Talking with more than one treehouse builder can help you find a contractor you feel comfortable with. Not only do you want a reasonable quote, you want a pro who is trustworthy and easy to get along with. 

Ask for a Background Check 

Request to see a background check, so you can be at ease with the contractor being on your property and around your family. You’ll also want to make sure they have the proper licenses to do carpentry or building work. Your state, county, or municipality has rules about which licenses a building or carpentry contractor must carry.

Get a Contract and Arrange Payments With Your Treehouse Builder

A signed contract ensures you and your pro are on the same page. It also offers you protection and some leverage should something go awry during the build. 

Your project contract should include:

  • Treehouse project description and scope

  • Start and finish dates (plus penalties for missed deadlines)

  • Payment terms and timeline (avoid paying in cash so have a paper trail)

  • Permits that contractor handles

  • Terms for changing any orders on the project

  • Material and labor costs, including total project cost

  • Verification of insurance and bonding, and licensure

  • Protection terms, such as a lien release if the contractor fails to pay subcontractors

  • Contract termination terms, in case of poor work quality or long delays

Keep Records of Your Custom Treehouse Project

Make notes and take photos during the building and finishing process. Keep track of the approximate hours the contractor works and any concerns. If you end up needing to address an issue, you’ll have records to support your case. If you sell your home, it’s nice to have details about your treehouse project.

Look for Red Flags and Prepare to Troubleshoot

If you notice any warning signs when working with your contractor, it’s best to address them sooner than later. Watch out for these red flags:

  • No reviews, references, or portfolio of past work

  • Quote is much higher or lower than other bids

  • Won't sign a contract

  • Wants to be paid in cash or asks for a large down payment (such as over 15% of the total project cost)

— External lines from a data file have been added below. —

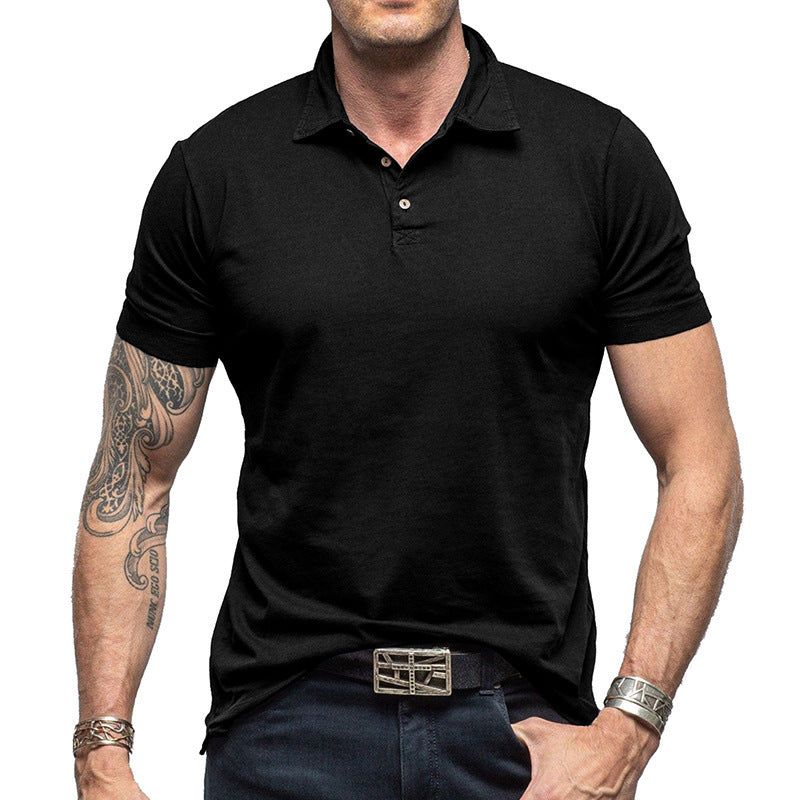 Men's Solid Color Short-sleeved Polo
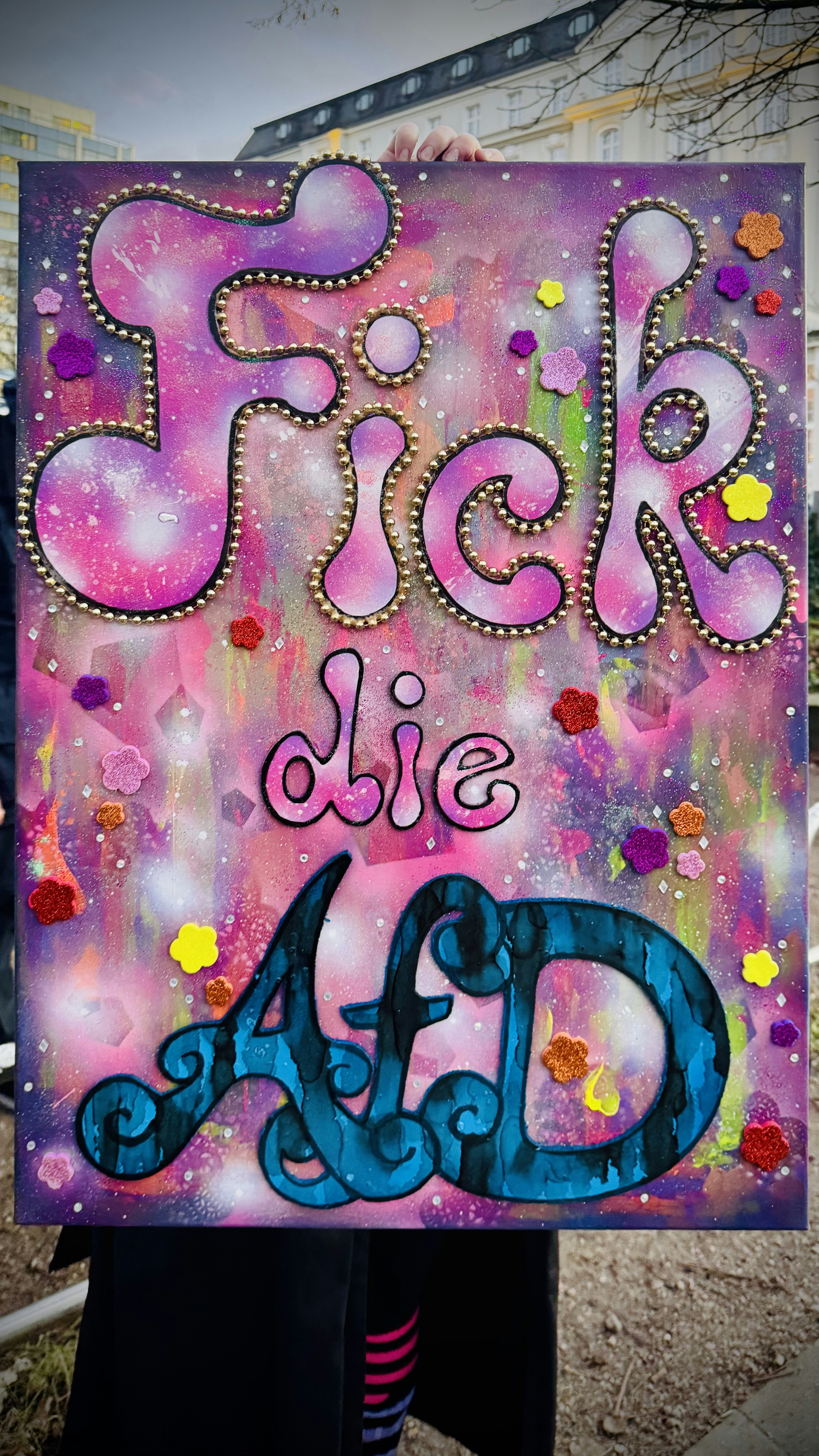 Colorful artwork with text "fick die afd"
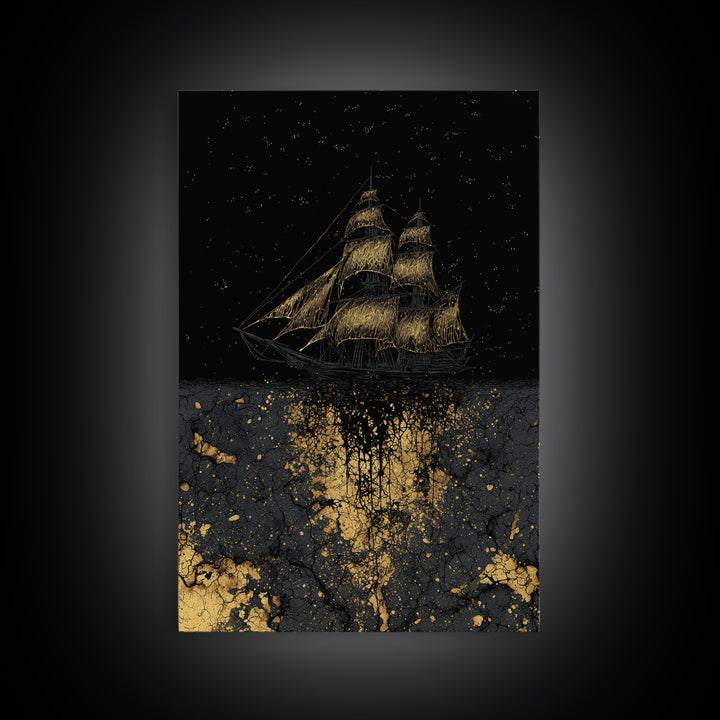 Canvas Gold Art of the Ship Naglfar, Viking Mythology Canvas Art, Norse legend inspired décor framed in natural wood for man cave wall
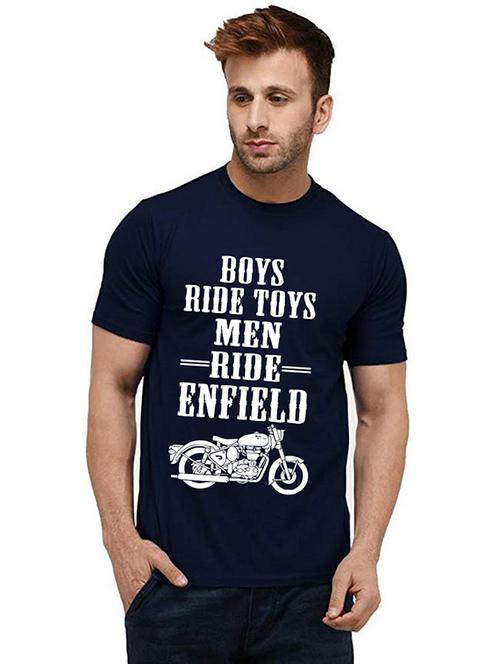 navy blue front printed casual t-shirt - 20986519 - Very Small Image - 1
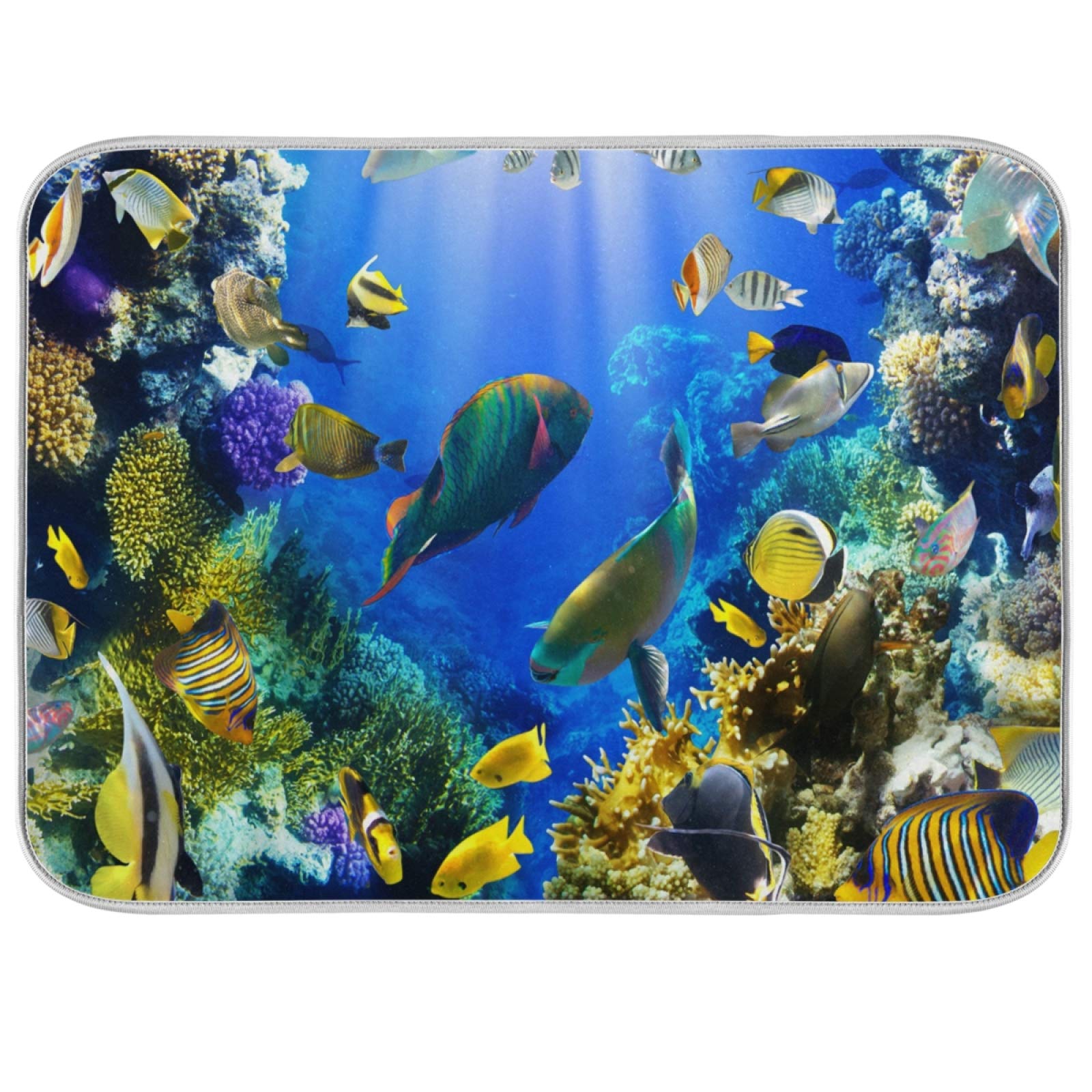 ATTX Ocean Fish Dish Drying Mat for Kitchen - Eco-Friendly, Heat Resistant & Dishwasher Safe Countertop Mat (24x18 Inches) | Perfect for Drying Dishes, Utensils & Cookware - Ideal for Kitchen Countertops & Sink Areas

  • Doesn’t show up when they say they will

  • Skips permit processes

  • Performs low-quality work 

When you approach your contractor about your concerns, try to remain calm and refer to your written agreement. Talk through the details and see if you can come up with a solution together. You should follow-up any verbal conversations with a text or email and ask that the contractor respond with a “yes” in writing so you have proper documentation. 

As a last resort, you can consider hiring an attorney or filing a case with the small claims court, but most contractor issues can be handled without taking legal action. 

After Your Treehouse Builder Has Finished

Before making your final payment to the contractor, check out your new treehouse thoroughly, from inside to out. You should feel excited and happy with the work that you see. 

If you have concerns about the quality, finishes, structure, or any other aspect of the treehouse, discuss them with your contractor and reference your contract if needed. Give your contractor an opportunity to make any issues right.

Once you're satisfied with the work, make your final payment and leave a review to help other treehouse dreamers find the best pro.